__Prompt__
Restate the entries below without a single change.

= = =

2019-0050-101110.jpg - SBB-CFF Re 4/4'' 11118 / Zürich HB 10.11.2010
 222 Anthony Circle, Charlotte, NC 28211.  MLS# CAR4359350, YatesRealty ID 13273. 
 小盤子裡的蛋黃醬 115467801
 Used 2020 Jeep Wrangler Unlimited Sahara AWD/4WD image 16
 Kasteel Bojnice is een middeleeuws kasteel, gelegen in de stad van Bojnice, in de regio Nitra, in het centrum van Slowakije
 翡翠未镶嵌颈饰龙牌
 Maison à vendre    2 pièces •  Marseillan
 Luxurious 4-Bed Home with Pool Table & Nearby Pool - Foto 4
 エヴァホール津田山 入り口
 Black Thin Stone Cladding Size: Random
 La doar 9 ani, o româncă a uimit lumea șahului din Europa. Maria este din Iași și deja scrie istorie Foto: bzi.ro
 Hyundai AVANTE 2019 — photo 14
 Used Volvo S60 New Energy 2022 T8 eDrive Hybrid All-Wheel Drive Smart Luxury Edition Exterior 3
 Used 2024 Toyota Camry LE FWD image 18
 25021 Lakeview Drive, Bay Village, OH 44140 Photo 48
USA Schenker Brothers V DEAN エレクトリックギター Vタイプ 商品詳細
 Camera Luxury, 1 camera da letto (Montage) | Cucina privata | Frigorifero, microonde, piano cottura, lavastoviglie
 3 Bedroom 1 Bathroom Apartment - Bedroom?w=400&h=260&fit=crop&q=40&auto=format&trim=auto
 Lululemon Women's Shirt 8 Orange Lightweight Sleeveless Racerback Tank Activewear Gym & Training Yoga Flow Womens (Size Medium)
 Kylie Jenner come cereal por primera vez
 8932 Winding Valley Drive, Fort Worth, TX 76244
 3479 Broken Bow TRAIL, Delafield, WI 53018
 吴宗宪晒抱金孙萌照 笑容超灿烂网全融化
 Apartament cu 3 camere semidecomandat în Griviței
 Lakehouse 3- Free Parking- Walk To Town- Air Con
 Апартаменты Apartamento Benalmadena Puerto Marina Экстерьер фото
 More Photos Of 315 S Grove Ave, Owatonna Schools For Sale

= = =

__Expected answer__
2019-0050-101110.jpg - SBB-CFF Re 4/4'' 11118 / Zürich HB 10.11.2010
 222 Anthony Circle, Charlotte, NC 28211.  MLS# CAR4359350, YatesRealty ID 13273. 
 小盤子裡的蛋黃醬 115467801
 Used 2020 Jeep Wrangler Unlimited Sahara AWD/4WD image 16
 Kasteel Bojnice is een middeleeuws kasteel, gelegen in de stad van Bojnice, in de regio Nitra, in het centrum van Slowakije
 翡翠未镶嵌颈饰龙牌
 Maison à vendre    2 pièces •  Marseillan
 Luxurious 4-Bed Home with Pool Table & Nearby Pool - Foto 4
 エヴァホール津田山 入り口
 Black Thin Stone Cladding Size: Random
 La doar 9 ani, o româncă a uimit lumea șahului din Europa. Maria este din Iași și deja scrie istorie Foto: bzi.ro
 Hyundai AVANTE 2019 — photo 14
 Used Volvo S60 New Energy 2022 T8 eDrive Hybrid All-Wheel Drive Smart Luxury Edition Exterior 3
 Used 2024 Toyota Camry LE FWD image 18
 25021 Lakeview Drive, Bay Village, OH 44140 Photo 48
USA Schenker Brothers V DEAN エレクトリックギター Vタイプ 商品詳細
 Camera Luxury, 1 camera da letto (Montage) | Cucina privata | Frigorifero, microonde, piano cottura, lavastoviglie
 3 Bedroom 1 Bathroom Apartment - Bedroom?w=400&h=260&fit=crop&q=40&auto=format&trim=auto
 Lululemon Women's Shirt 8 Orange Lightweight Sleeveless Racerback Tank Activewear Gym & Training Yoga Flow Womens (Size Medium)
 Kylie Jenner come cereal por primera vez
 8932 Winding Valley Drive, Fort Worth, TX 76244
 3479 Broken Bow TRAIL, Delafield, WI 53018
 吴宗宪晒抱金孙萌照 笑容超灿烂网全融化
 Apartament cu 3 camere semidecomandat în Griviței
 Lakehouse 3- Free Parking- Walk To Town- Air Con
 Апартаменты Apartamento Benalmadena Puerto Marina Экстерьер фото
 More Photos Of 315 S Grove Ave, Owatonna Schools For Sale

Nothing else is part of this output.